Determinants of choices in the experience condition

We split tasks depending on whether the rare event was sampled (i.e., shown on the screen) (a) never, (b) once, or (c) more than once and reran the logistic regression predicting choices of the option comprising this low-probability outcome (again, with the value of the low-probability outcome and EV-difference as predictors). We found significant underweighting of low-probability outcomes for trials in which the rare event was not sampled (odds-ratio = 0.97, z = −2.33, p = 0.02), but overweighting for trials in which it was sampled once (odds-ratio = 1.08, z = 5.50, p < 0.001) or several times (odds-ratio = 1.11, z = 7.44, p < 0.001). Overweighting of rare events thus increases with the number of times they are sampled as indicated by a significant Number of Samples × Value of the Low-Probability Outcome interaction (odds-ratio = 1.05, z = 5.21, p < 0.001). The description-experience “gap” hence reduces with increasing number of samples drawn and might heavily depend on the fact that, in typical studies, many individuals do not sample the rare event at all. Thus, the high overall number of samples drawn in the current study might contribute to the fact that no evidence for underweighting of small probabilities is implied by the choice patterns in the experience condition.

Comparing Models for Risky Choices in Experience – and Description-Based Decisions

Model specification

To investigate the underlying processes more closely we calculated the predictive power of different naïve implementations of evidence-accumulation models and compared them against several competitors. Thereby, all models were implemented in a stochastic manner using a logistic choice rule (details see below) in which the probability of choosing a gamble increases with the difference in value (V_diff) between gambles. The models only differ in the way in which values V for each gamble are calculated and therefore in V_diff.

As basic comparison standard, we used two models that relied on objective probabilities and outcomes or transformations of these. Specifically, we considered an expected value model (EV_objective), and an implementation of Cumulative Prospect Theory (CPT_objective) with the parameters from Tversky and Kahneman, 1992 (i.e., α = 0.88, Γ = 0.61, λ = 2.25; all outcomes positive).

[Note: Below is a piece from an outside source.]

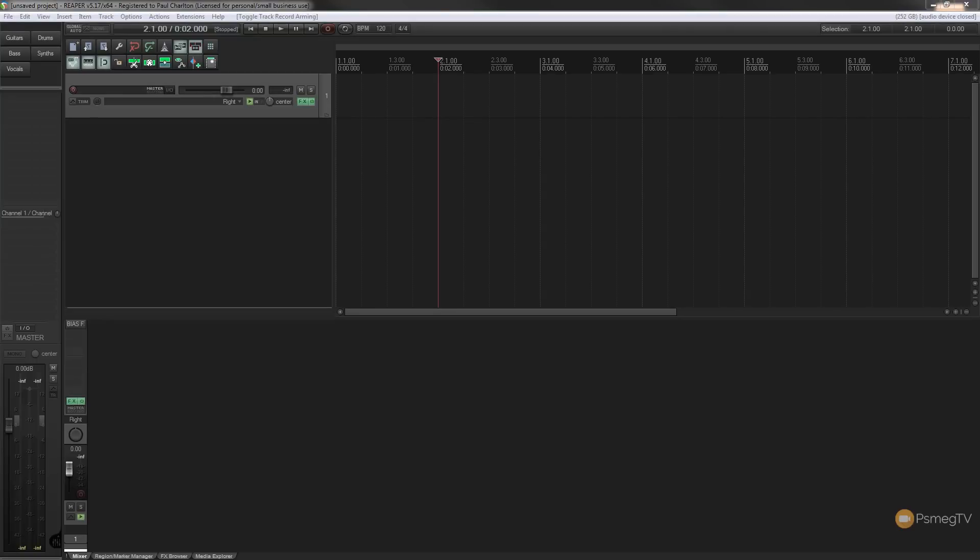Hi and welcome to another episode of Reaper TV. In today's quick tip we're going to take a look at one of the latest additions to Reaper 5.17 and how this is going to make your whole recording process just a little bit quicker, easier and more intuitive. So let's take a look at that new feature right now.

For the experience condition, participants might simply choose the option with the higher average of outcomes that was sampled by pressing buttons. We calculated predictions from such sampling-based models, which rely on the sampled outcomes for each gamble (or subsets of them). The first implementation takes into account all samples (SampAver_All). Note that participants have no other information than the sampled outcomes. Given this information deficit (and ignoring opportunity costs), SampAver_All is the optimal strategy to maximize chances to win money in this paradigm. As mentioned in the introduction, sampling average models might also be implemented using the most recent samples only. To test these alternative implementations, two further models that average over the last 10 (SampAver_Rec10) or the last five samples (SampAver_Rec5) per decision were calculated. These sample sizes were used since estimated average samples for recency (and also other sampling-based) models in Erev et al., 2010, e.g., see Table 3C) were between 5 and 10 (but see Discussion for limitations of this approach). To test whether summing instead of averaging of outcomes can account better for the data, we also included a model assuming summation of all sampled outcomes (SampSum). Note that for all sampling-based models introduced in this section one sample refers to one sampled outcome, independently of how often individuals looked at them.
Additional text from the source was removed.